If it’s come to where directing mega-budget action franchise films is the only way filmmakers like Mendes can even get their work in front of mass audiences, then we might as well turn off the lights on the American film industry all together. It is a dark time, indeed.

Then again, if he just loves the idea of doing a Bond film, then that’s great. I’m totally open to it.

Scott Mendelson

I’m no fan of Mendes, but I wouldn’t call Road to Perdition an underperformer. It was a 2 hour dark crime drama that grossed $100 million domestic and $81 million overseas in the middle of summer 2002. As for Bond, I say give the franchise to Martin Campbell with a red bow attached. He’s saved the series twice in a row and (pardon the cliche) nobody does 007 better than Campbell.

Joe Valdez

Terrific piece, Anne. I always feel better informed when you take the temperature of the film industry, even if the mercury indicates a fever.

The recession has probably given studios the same lever over talent that fast food joints or retailers currently enjoy: workers who were drawing an annual salary very recently are now willing to work a cash register to make ends meet.

I’m not a fan of Sam Mendes and can’t get excited over anything he’s involved in or rumored to be involved in, but do relish the possibility of Kate Winslet playing a female 00 agent.


Oof. Despite its box office, “Quantun of Solace” was a truly terrible Bond film with incoherent action sequences and airs of pretension. The Bonds seem to do better when B-list directors (like Martin Campbell) come in and polish their work a bit. But put Lee Tamahori or Marc Forster in there and you have directors who feel like they’re “slumming.” Sam Mendes has shown no predilection for action. And the trick with Bond is to make a good Bond film that can stand up as a good drama or suspense film. The ones that have are rare.

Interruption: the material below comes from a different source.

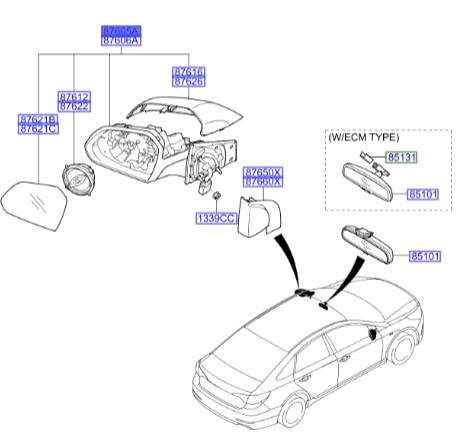 آینه چپ هیوندای سوناتا  Hyundai/KIA Genuine Parts – MOBIS   87610C1380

As for Tarantino, he’d be a disaster–did you notice the “Elvis” henchman in “Quantum” that vaguely resembled QT, who’s never shut up about how -filming “Casino Royale” was “his” idea, and the Broccoli kids didn’t appreciate it (they had, after all, just acquired the rights). He wants to do another “Kill Bill” movie, let him (although I thought “Inglourious Basterds” was a fantastic movie). The Coen Brothers wouldn’t work, either, although I’m looking forward to “True Grit.” On the other hand, Guy Ritchie expressed interest in the past…and I saw “Sherlock Holmes” as an attempt by him to make producers see him in a bigger budgeted light.